## Data under study:
╔══

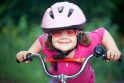 Jaunieji Palangos dviratininkai raginami dėvėti šalmus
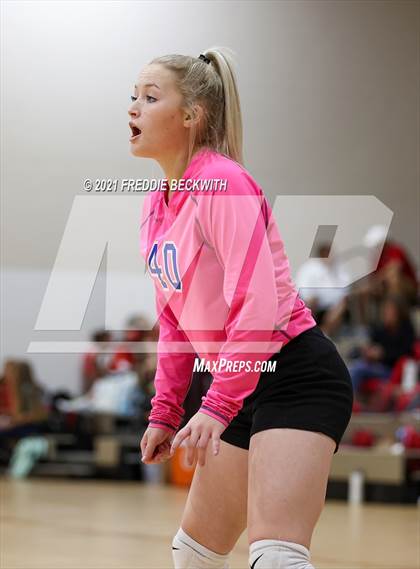 Thumbnail 2 in Lindsay vs Windthorst (Nocona Tournament) photogallery.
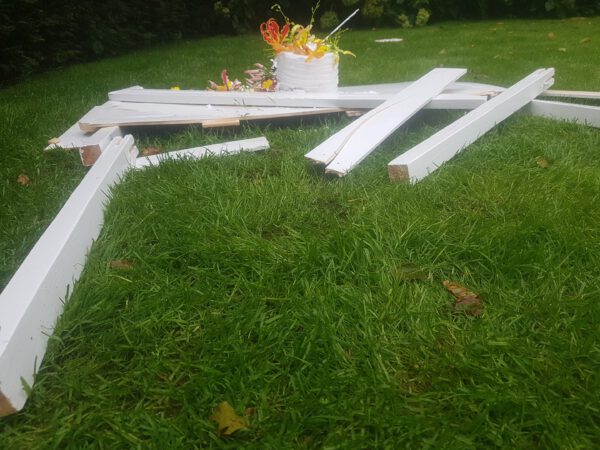 (Tuin) tafel uit balsahout. Te gebruiken als bijvoorbeeld stunt rekwisiet.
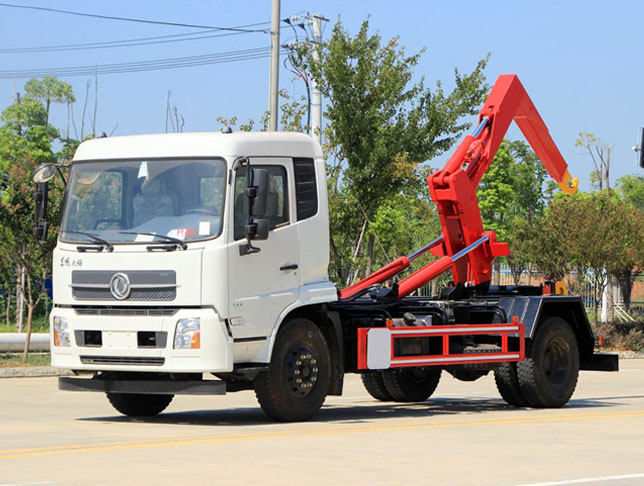 東風(fēng)天錦國(guó)六車(chē)廂可卸式垃圾車(chē)
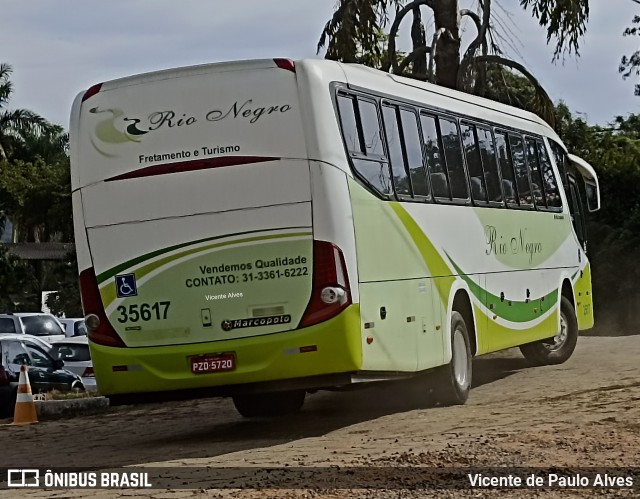 Rio Negro Fretamento e Turismo 35617 na cidade de São Gonçalo do Pará, Minas Gerais, Brasil, por Vicente de Paulo Alves. Número da foto: #10196974.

╚══

## Task to carry out:
Down to the last line, reproduce the material above exactly; skip its images.

## Solution to this problem:
 Jaunieji Palangos dviratininkai raginami dėvėti šalmus
 Thumbnail 2 in Lindsay vs Windthorst (Nocona Tournament) photogallery.
 (Tuin) tafel uit balsahout. Te gebruiken als bijvoorbeeld stunt rekwisiet.
 東風(fēng)天錦國(guó)六車(chē)廂可卸式垃圾車(chē)
 Rio Negro Fretamento e Turismo 35617 na cidade de São Gonçalo do Pará, Minas Gerais, Brasil, por Vicente de Paulo Alves. Número da foto: #10196974.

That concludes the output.